When we called the Ghostbusters back into our games in the early 90s, they didn’t do a very good job. You remember the Genesis version, MSX, NES, GameBoy, Atari 2600, and C64. The richness of the Ghostbusters universe needed more than 8 or 16-bit graphics and midi sounds to make it come to life. Technology has improved considerably since then, finally being able to do justice to our Ghostbuster friends. With the help of the Unreal 3 engine, the developers were able to create an atmosphere and story that are truly amazing.
Players start out in the Ghostbusters’ headquarters, which has been properly equipped with a true-to-life fire pole for you to slide down on. Ray takes you through the basics of wrangling ghosts, trapping them, and using your gear down in the basement. One of the first things you will notice is that the controls feel very familiar, resembling those of games such as Resident Evil 4/5 and Gears of War. Still comparing it to a shooter, your proton pack takes the place of your “gun,” and your “ammo” consists of different types of particle streams. You can unlock four streams throughout the game, starting with your basic proton stream.

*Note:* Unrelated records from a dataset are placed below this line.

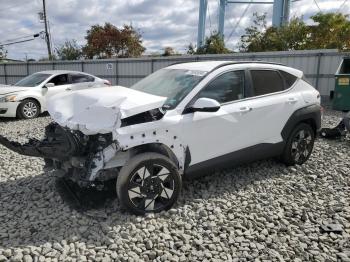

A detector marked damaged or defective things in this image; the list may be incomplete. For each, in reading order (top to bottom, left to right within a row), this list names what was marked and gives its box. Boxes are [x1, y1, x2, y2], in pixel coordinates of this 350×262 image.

crumpled front hood [47, 86, 167, 135]
damaged white suv [0, 61, 322, 215]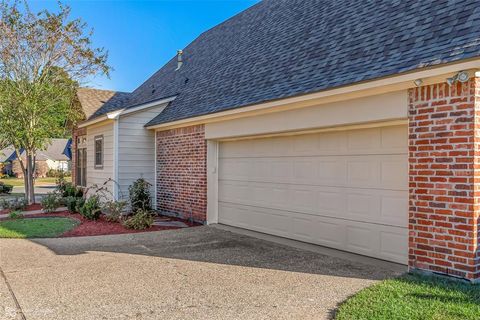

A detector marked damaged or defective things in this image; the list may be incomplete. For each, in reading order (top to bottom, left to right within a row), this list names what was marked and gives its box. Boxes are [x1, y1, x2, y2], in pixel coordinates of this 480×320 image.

driveway crack [0, 264, 26, 320]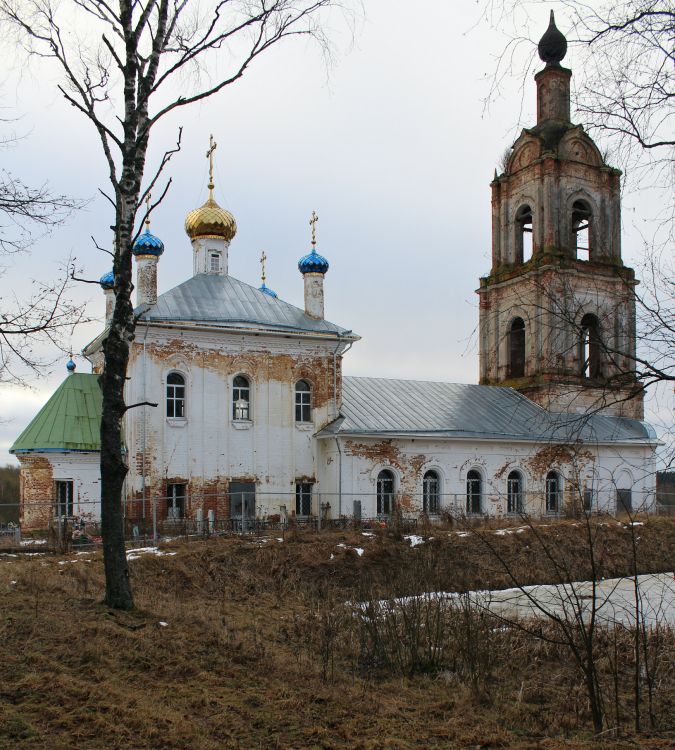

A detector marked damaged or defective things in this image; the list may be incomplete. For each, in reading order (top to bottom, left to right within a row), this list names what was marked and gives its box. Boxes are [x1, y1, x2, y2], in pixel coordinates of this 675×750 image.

peeling plaster wall [123, 324, 344, 524]
peeling plaster wall [18, 452, 101, 528]
peeling plaster wall [316, 438, 656, 520]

The Stasis Stream, Meson Collider, and Slime Gun follow suit quickly. The most useful is the Proton Stream, which weakens ghosts and stuns them so you can wrangle, toss, and then hopefully trap them. Ghosts come in many shapes and forms, and it is rare to see so many different enemy types and level bosses in a game. These include many of the ghosts from the movies. You will be battling the Stay Puft Marshmallow Man, heading through the Sedgewick Hotel and the Haunted Library.
Each ghost has a weakness for a specific weapon type. To find out which type is effective, you must scan them with your goggles. Doing so will also reveal all sorts of other interesting and sometimes ludicrous information. Some ghosts are dispersible, which means that they die after a few hits with a certain weapon, but others must be trapped instead. The objective is to weaken them until their health bar turns red, after which you can trap the suckers. Walking around with your energy detector is good for finding artifacts—treasures that you get money for—and enemies.

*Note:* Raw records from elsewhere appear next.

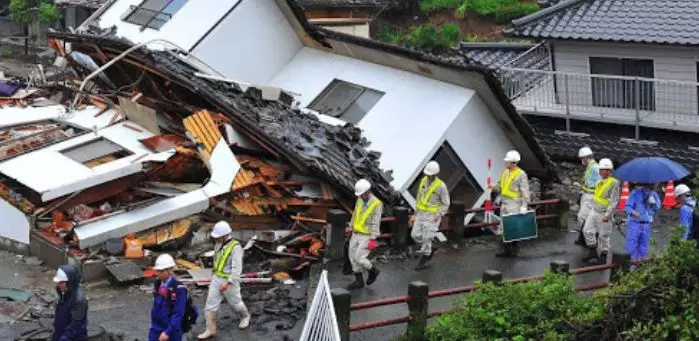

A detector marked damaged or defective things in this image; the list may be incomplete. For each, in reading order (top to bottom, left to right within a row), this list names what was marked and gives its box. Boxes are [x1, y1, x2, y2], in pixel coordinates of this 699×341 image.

damaged roof [504, 0, 699, 45]
damaged roof [52, 31, 402, 203]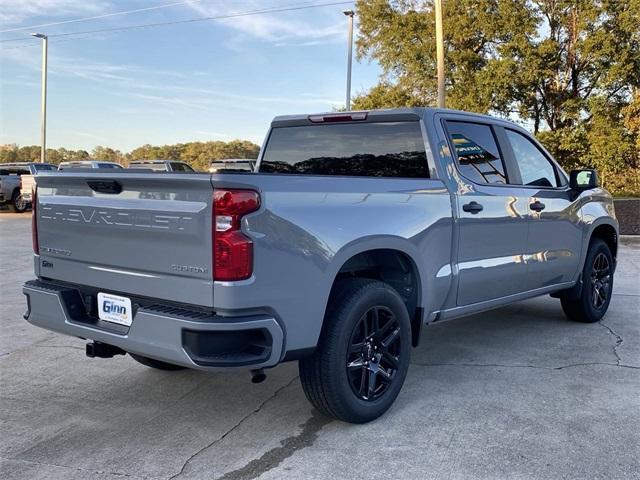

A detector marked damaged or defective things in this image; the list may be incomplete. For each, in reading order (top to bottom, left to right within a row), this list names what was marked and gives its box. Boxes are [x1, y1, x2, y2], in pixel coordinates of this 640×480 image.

pavement crack [596, 320, 624, 366]
pavement crack [166, 376, 298, 480]
pavement crack [216, 408, 336, 480]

Upgrading your weapons will improve them in various ways. You can increase a weapon’s rate of fire, make it overheat less often, or let you trap your enemies faster. All of these upgrades can be purchased in one play-through. Ghostbusting is a high-revenue business, and you will earn ample money to purchase any upgrade that catches your fancy. You are also tallied by how much damage you cause the city throughout your play. Doing too much damage may affect achievements.

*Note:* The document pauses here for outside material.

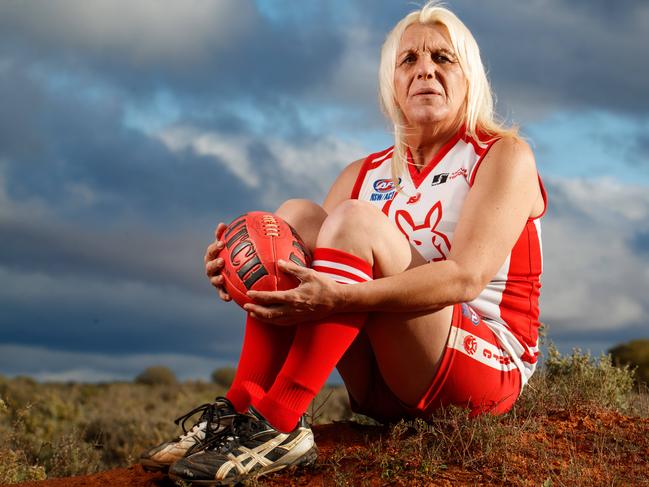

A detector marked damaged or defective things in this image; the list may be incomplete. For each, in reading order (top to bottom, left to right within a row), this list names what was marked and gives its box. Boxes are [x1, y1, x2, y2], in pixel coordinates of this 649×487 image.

The gameplay may sound simple, and it is, but that doesn’t take away from the fact that it is extremely fun. There is always something new to be experienced, and only towards the end of the game did I feel some repetition setting in. Ghostbusters kind of felt like a mix of Gears of War, BioShock, and Silent Hill. It can be downright creepy at times, but it also has wonderfully witty humor and some great lighting effects that help create a fantastic ambiance. Walking through dark hallways, your senses are always stimulated in various ways. Things may jump out at you, or you will hear strange cries and screams. Besides being scary, it is also immersive; I left the game after about a four-hour sit-down, and I really felt like I was a Ghostbuster (don’t call the men with the long-sleeved jacket until you have played for four hours straight yourself!). This is in large part due to the fact that the original actors are voicing the game, and I think that’s what truly made the difference.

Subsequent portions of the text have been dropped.